STUDY MATERIAL
^^^^^^^^^^^^^^^^

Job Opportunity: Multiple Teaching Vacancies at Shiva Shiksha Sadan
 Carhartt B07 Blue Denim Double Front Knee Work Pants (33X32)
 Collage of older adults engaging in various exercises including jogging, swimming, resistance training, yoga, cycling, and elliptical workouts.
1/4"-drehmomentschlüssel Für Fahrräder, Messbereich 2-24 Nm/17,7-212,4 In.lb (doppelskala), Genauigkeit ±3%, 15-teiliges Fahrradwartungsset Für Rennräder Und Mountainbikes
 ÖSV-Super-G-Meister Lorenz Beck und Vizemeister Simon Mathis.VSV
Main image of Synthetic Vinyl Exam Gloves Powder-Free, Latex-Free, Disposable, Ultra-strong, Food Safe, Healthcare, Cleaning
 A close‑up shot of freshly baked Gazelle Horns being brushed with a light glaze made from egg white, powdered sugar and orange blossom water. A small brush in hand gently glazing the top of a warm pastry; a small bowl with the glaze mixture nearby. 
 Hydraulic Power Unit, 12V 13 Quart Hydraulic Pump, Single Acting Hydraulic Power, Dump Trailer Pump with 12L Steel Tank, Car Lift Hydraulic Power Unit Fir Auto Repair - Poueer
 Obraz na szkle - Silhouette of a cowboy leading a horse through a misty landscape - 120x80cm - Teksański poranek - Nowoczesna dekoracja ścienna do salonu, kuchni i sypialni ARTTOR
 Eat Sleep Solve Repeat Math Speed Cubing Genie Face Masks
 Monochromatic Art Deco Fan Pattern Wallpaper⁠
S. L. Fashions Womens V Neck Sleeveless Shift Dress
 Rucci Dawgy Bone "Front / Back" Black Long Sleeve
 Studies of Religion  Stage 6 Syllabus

^^^^^^^^^^^^^^^^

EXERCISE OBJECTIVE
Copy out each line of the material in which the word "Front" turns up.

TASK SOLUTION
 Carhartt B07 Blue Denim Double Front Knee Work Pants (33X32)
 Rucci Dawgy Bone "Front / Back" Black Long Sleeve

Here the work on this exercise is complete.